- _Description of the task_: Nothing outside the range below should be printed. Output exactly the lines from the line with "Accu-Chek Mobile startkit." to the line with "Collection of Food", both included.

- _Records for processing_:
=== Section Start ===

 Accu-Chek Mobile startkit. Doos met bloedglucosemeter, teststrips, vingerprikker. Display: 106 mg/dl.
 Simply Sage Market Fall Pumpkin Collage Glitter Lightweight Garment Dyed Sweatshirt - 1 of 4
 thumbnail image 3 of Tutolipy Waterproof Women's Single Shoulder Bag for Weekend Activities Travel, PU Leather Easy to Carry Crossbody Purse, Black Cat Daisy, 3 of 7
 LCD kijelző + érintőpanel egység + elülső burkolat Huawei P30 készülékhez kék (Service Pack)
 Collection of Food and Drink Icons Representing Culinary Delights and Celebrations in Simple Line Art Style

=== Section End ===
=== Section Start ===

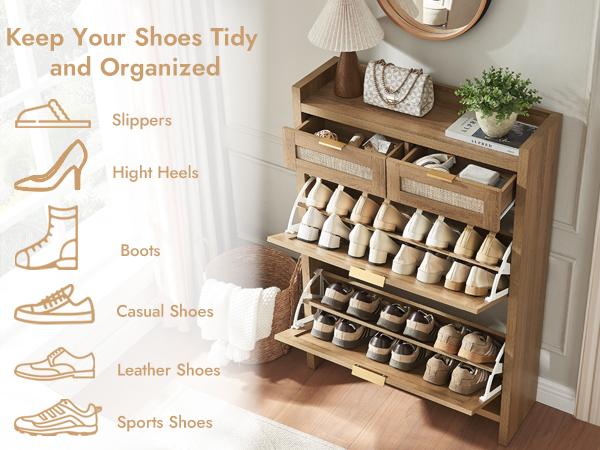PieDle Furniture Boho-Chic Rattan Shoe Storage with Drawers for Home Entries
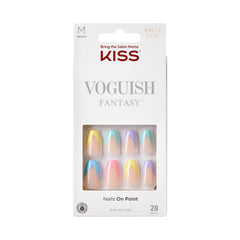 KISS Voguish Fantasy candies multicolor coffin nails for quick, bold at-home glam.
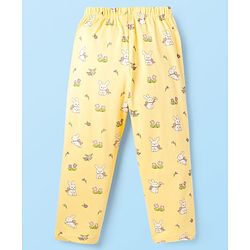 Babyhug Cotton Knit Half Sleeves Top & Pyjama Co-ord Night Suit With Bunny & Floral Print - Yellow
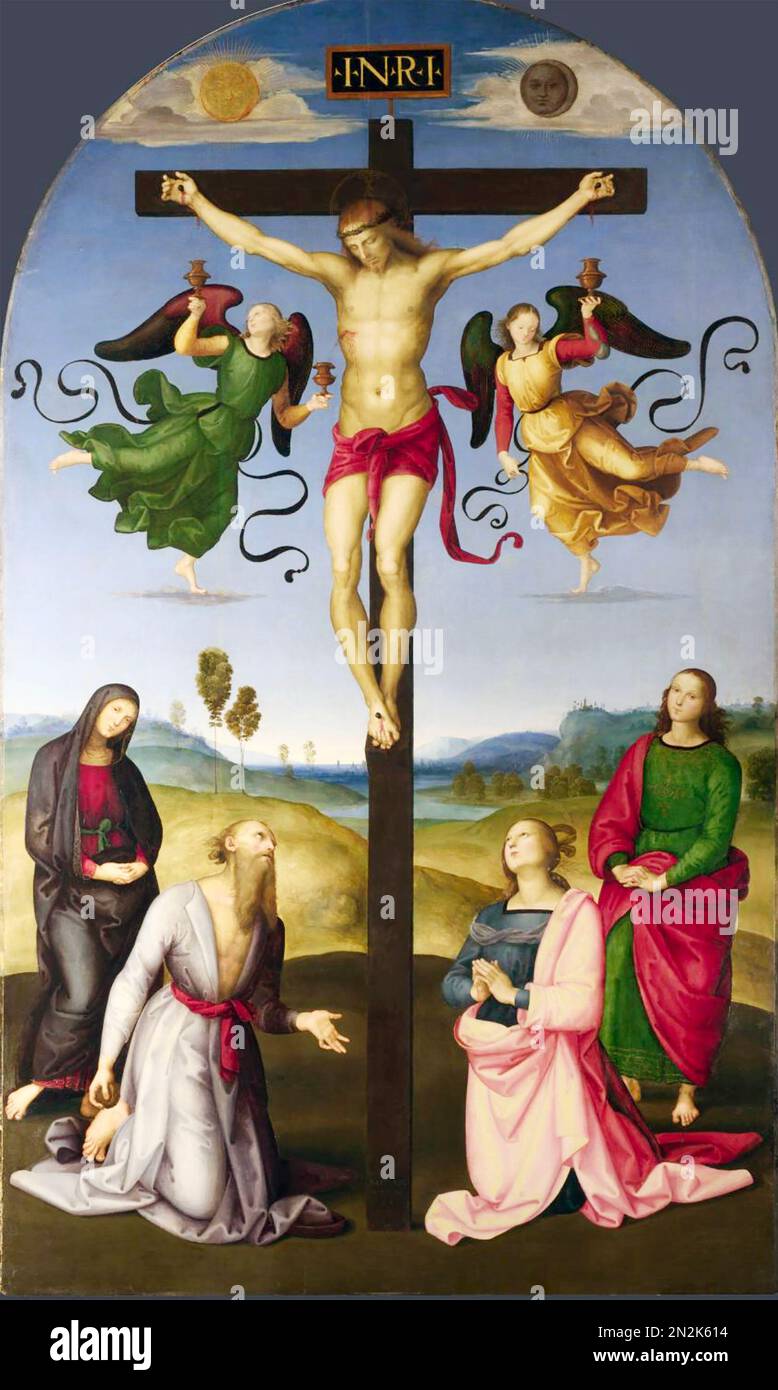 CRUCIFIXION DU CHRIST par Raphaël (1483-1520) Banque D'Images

=== Section End ===
=== Section Start ===

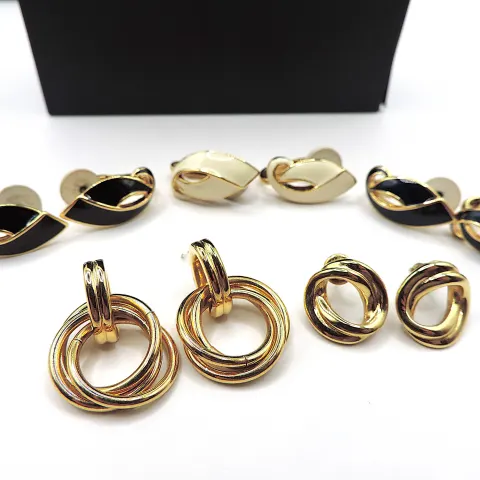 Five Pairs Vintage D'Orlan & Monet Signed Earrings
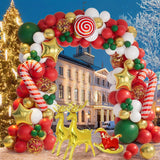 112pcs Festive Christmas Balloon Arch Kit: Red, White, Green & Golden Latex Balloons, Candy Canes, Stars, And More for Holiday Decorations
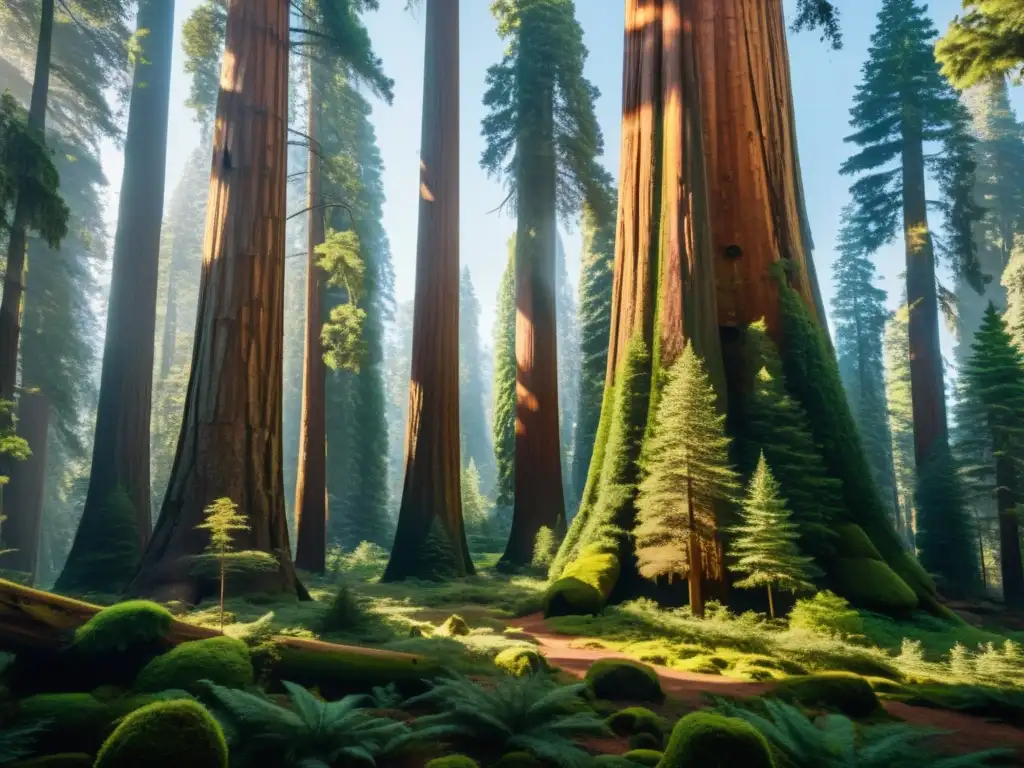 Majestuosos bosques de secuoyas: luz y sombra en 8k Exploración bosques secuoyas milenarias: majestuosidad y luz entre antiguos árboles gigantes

=== Section End ===

- _Completed exercise_:
 Accu-Chek Mobile startkit. Doos met bloedglucosemeter, teststrips, vingerprikker. Display: 106 mg/dl.
 Simply Sage Market Fall Pumpkin Collage Glitter Lightweight Garment Dyed Sweatshirt - 1 of 4
 thumbnail image 3 of Tutolipy Waterproof Women's Single Shoulder Bag for Weekend Activities Travel, PU Leather Easy to Carry Crossbody Purse, Black Cat Daisy, 3 of 7
 LCD kijelző + érintőpanel egység + elülső burkolat Huawei P30 készülékhez kék (Service Pack)
 Collection of Food and Drink Icons Representing Culinary Delights and Celebrations in Simple Line Art Style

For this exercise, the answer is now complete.